* EXERCISE INSTRUCTIONS: Would you write out the entries that follow word for word, omitting any images?

Short text fragments from websites
=======

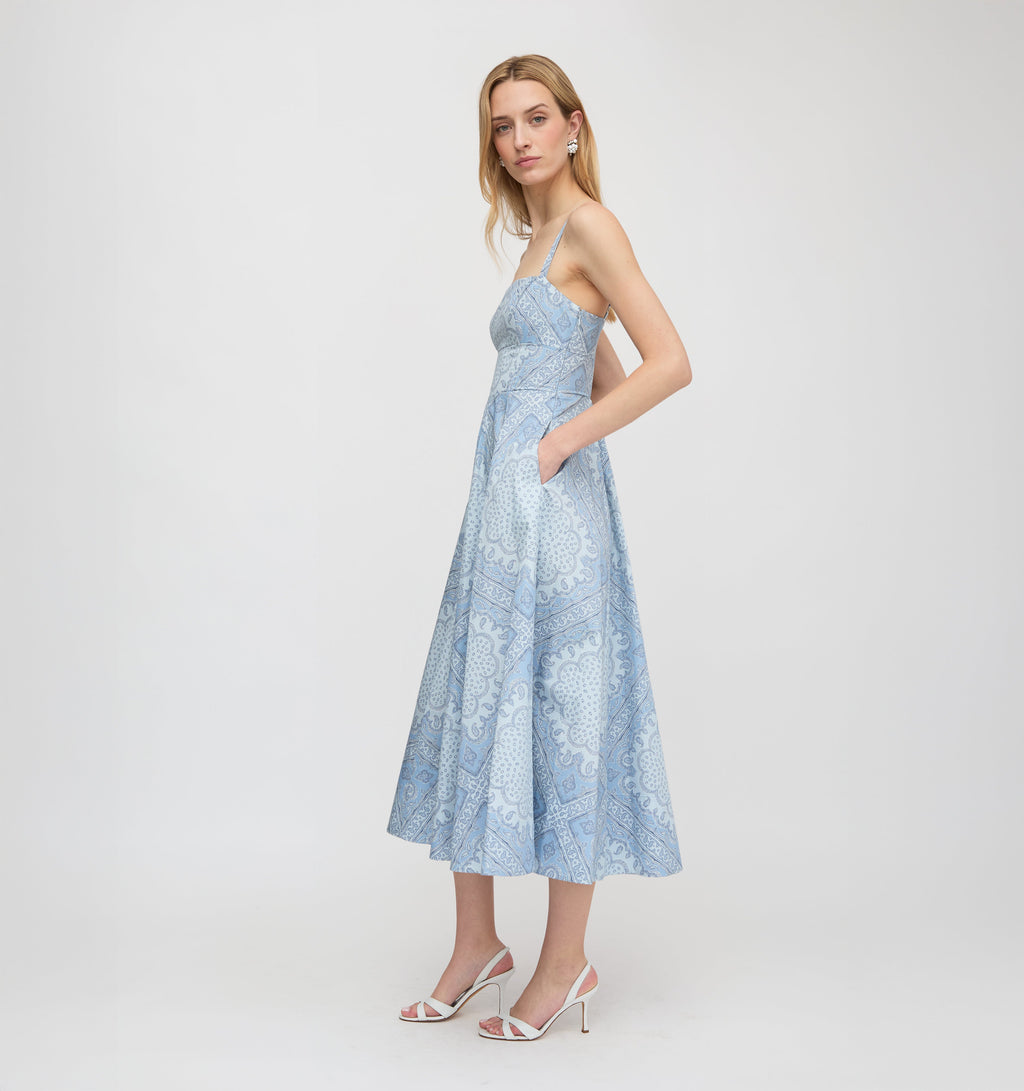 The Margot Dress in Dusty Blue Paisley Scarf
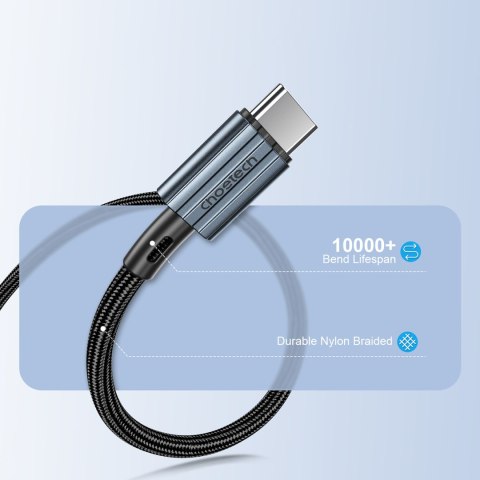 Kabel przewód USB-C - USB-C PD 60W w oplocie XCC-1014 - szary Kabel przewód USB-C - USB-C PD 60W w oplocie XCC-1014 - szary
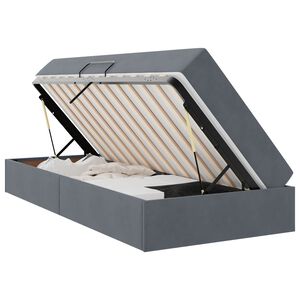 vidaXL Lit avec rangement et matelas Gris fonc&eacute; 90 x 200 cm Velours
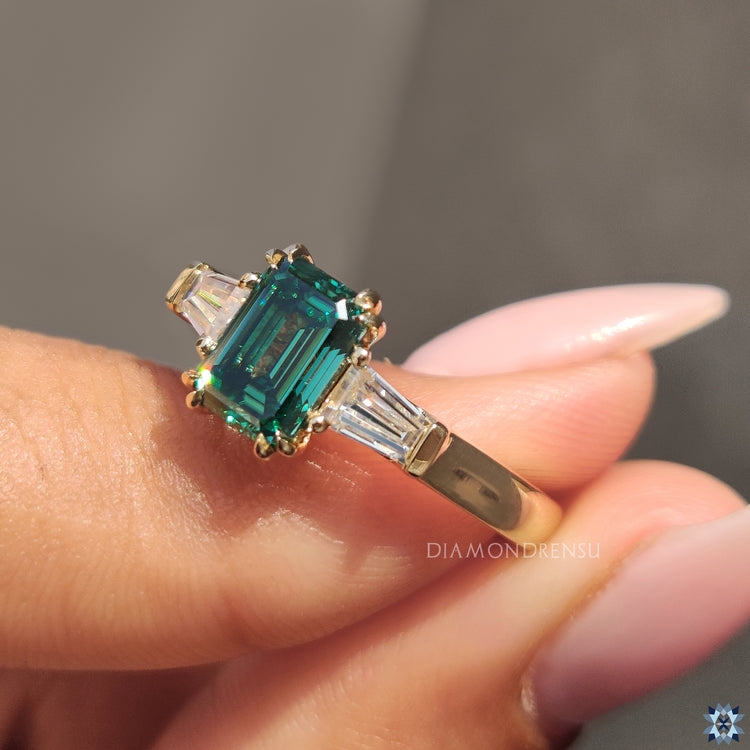 Green Emerald And Baguette Cut 3 Stone Moissanite Ring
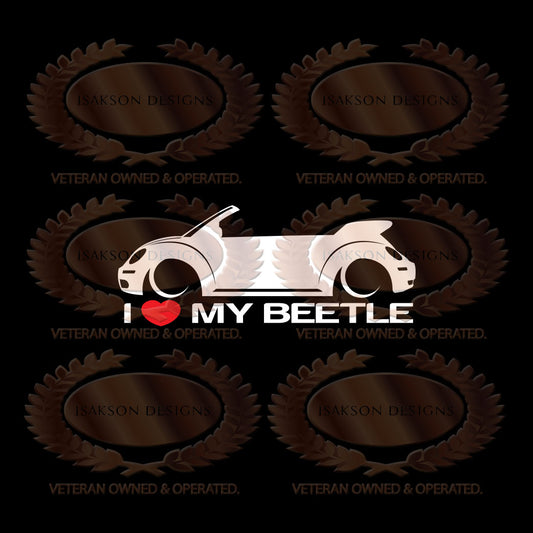 I Love My Volkswagen New Beetle Convertible Sticker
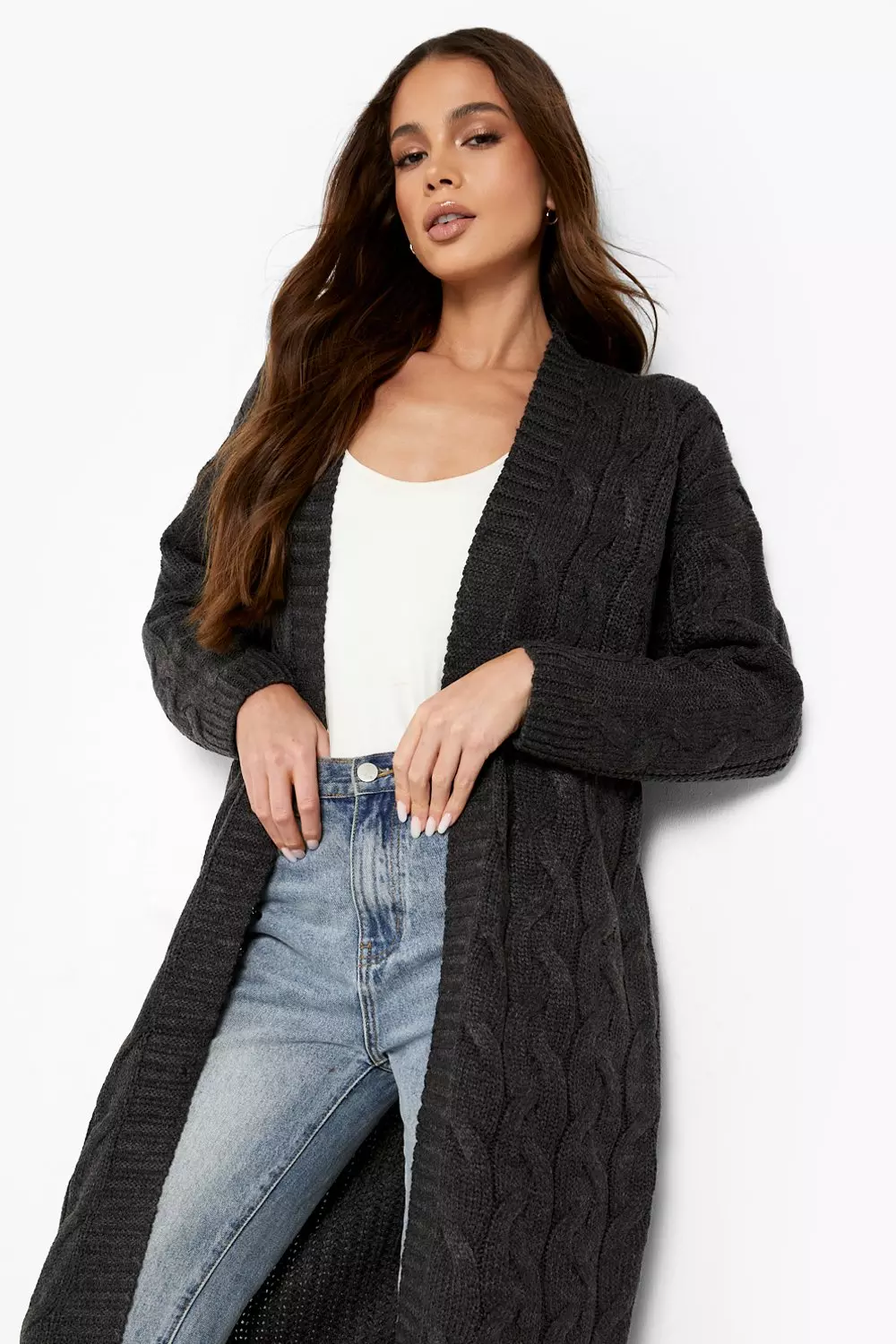 Cable knit 2024 maxi cardigan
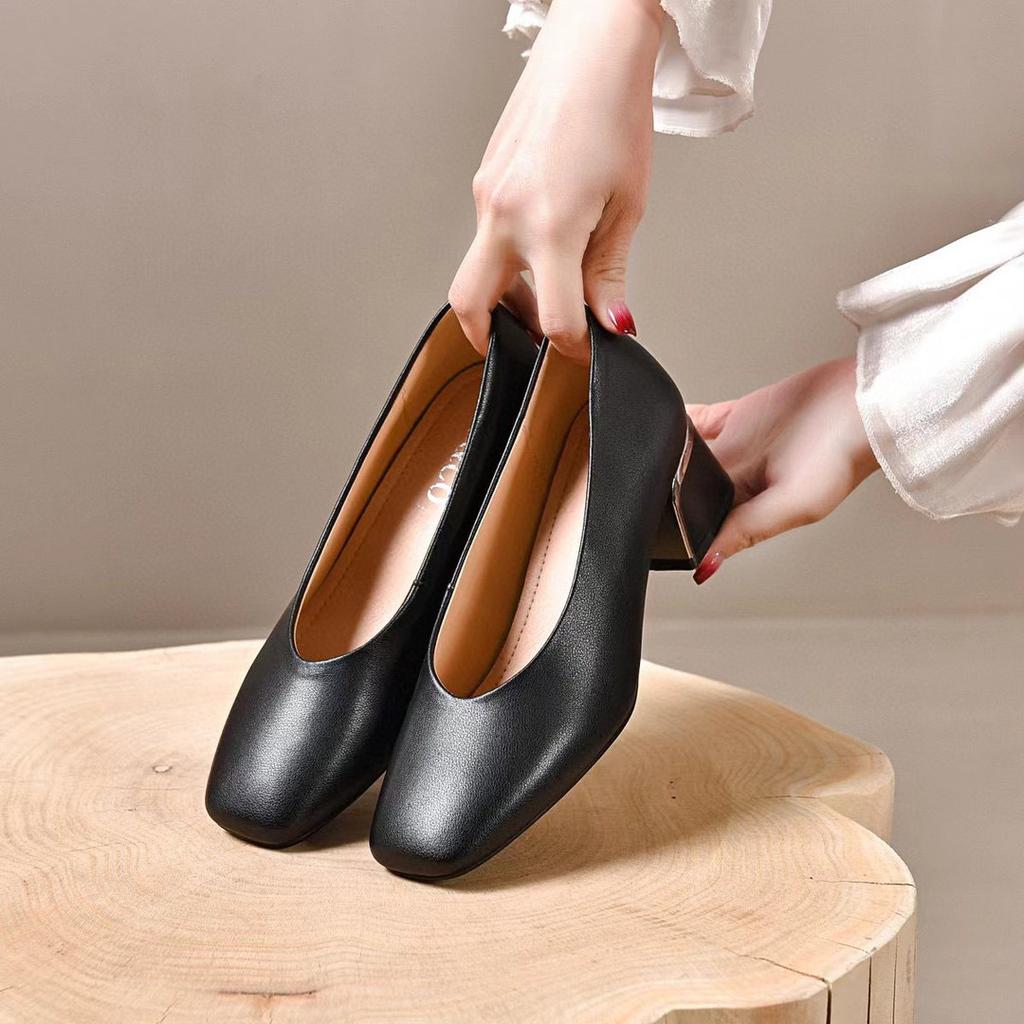 Весенние и летние модели, женская обувь с квадратной головкой и неглубоким носком, простая темпераментная рабочая обувь из воловьей кожи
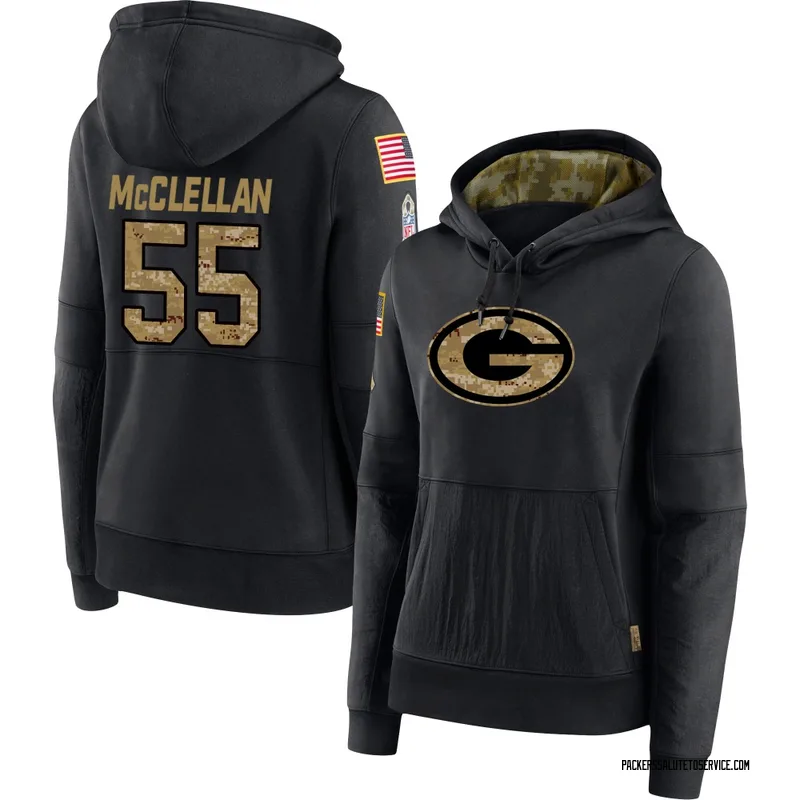 Women's Chris McClellan Green Bay Packers Black 2020 Salute to Service Sideline Performance Pullover Hoodie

=======

* RESPONSE TO THIS EXERCISE:
 The Margot Dress in Dusty Blue Paisley Scarf
 Kabel przewód USB-C - USB-C PD 60W w oplocie XCC-1014 - szary Kabel przewód USB-C - USB-C PD 60W w oplocie XCC-1014 - szary
 vidaXL Lit avec rangement et matelas Gris fonc&eacute; 90 x 200 cm Velours
 Green Emerald And Baguette Cut 3 Stone Moissanite Ring
 I Love My Volkswagen New Beetle Convertible Sticker
 Cable knit 2024 maxi cardigan
 Весенние и летние модели, женская обувь с квадратной головкой и неглубоким носком, простая темпераментная рабочая обувь из воловьей кожи
 Women's Chris McClellan Green Bay Packers Black 2020 Salute to Service Sideline Performance Pullover Hoodie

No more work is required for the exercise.